Şekerli suların karbondioksit gazı ile doyurulması esasına dayanan kolalı içecekler, sodyum dışında başka besin öğesi içermemektedir. Sıvı ve sodyum gereksinimini karşılaması nedeniyle akut ishallerde kullanımı uygundur. Öte yandan asit yoğunluğu yüksek olduğu için mide salgısını artırıcı etki gösterir, ülsere meyilli kimselerde olumsuz etkiler yaratırlar. PH dereceleri 2,4 ile 4,0 arasında değişen kolalı içeceklerin diş çürüklerine de yol açtığı artık herkes tarafından bilinmektedir.

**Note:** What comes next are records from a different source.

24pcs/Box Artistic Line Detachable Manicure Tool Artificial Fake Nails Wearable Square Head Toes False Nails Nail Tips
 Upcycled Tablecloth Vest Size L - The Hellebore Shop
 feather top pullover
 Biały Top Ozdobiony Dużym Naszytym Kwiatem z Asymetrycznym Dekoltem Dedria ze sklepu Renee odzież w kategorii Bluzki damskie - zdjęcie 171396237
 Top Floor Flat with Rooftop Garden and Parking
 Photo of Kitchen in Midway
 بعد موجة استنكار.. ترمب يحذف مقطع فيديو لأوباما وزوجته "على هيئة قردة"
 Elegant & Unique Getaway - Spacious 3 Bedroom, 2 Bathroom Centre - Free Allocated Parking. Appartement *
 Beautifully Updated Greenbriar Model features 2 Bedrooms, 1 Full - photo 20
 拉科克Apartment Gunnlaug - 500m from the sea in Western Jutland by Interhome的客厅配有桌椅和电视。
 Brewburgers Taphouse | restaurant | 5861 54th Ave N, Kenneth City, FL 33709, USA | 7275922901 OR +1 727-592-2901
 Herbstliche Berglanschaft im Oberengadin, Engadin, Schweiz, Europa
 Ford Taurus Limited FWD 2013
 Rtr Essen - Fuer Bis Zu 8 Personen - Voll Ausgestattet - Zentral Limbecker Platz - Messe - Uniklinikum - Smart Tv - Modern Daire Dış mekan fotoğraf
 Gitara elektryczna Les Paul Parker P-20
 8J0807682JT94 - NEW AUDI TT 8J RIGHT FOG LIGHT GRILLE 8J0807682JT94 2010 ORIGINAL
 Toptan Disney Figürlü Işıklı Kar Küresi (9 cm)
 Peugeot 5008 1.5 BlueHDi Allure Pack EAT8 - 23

Kolalı içecek içme alışkanlığı süt ve süt ürünlerinin tüketimini azaltmakta, kalsiyum ihtiyacının karşılanmasını engellemektedir. Aynı zamanda içerdiği yüksek miktardaki fosfor kan paratiroid hormon düzeyini artırmakta ve kemiklerden kalsiyum çekilmesine yol açmaktadır. Ayrıca kolalı içecekler böbreklerden kalsiyum atımını artırmaktadır. Bu nedenle uzun dönemde osteoporoza zemin hazırlamaktadır.
Şimdiye kadar kolalı içeceklerin sağlık için yararlı olduğuna dair bir araştırma yayımlanmadı. Hiç kuşkusuz kolalı içecekler sigara gibi insan sağlığını doğrudan ve tehlikeli bir şekilde etkilememekte ama bu durum onların masum olduğu anlamına da gelmemektedir. Bir şişe kolalı içecekte yaklaşık 20 – 25 gram şeker bulunmakta ve 80 – 100 kkal. enerji sağlamaktadır. Harward Üniversitesi’nde yapılan bir araştırmaya göre, şekerli ve kolalı içeceklerin fazla içilmesinin şeker hastalığına yakalanma riskini %85 artırdığını saptanmıştır. Günlük yaşamda elbette kolalı içecekler tercih edilebilir. Ancak tüketim sıklığı ve miktarına dikkat etmek gerekmektedir. Enerji alımını azaltmak adına aspartam ve sakarin gibi yapay tatlandırıcı içeren light alternatiflerinin tercih edilmesi nispeten daha sağlıklıdır. Ancak sonuçta light olanlar da asit, kafein vs içermekte, aşırı tüketim durumlarında selülite neden olmaktadır.
Kolalı içeceklerin içerdikleri tanenler vücutta demir mineralini bağlayarak demir eksikliği anemisine (kansızlığa) yol açmaktadır. Bu nedenle öğünlerden yaklaşık 30 – 45 dakika önce veya sonra içilmeleri önerilmektedir.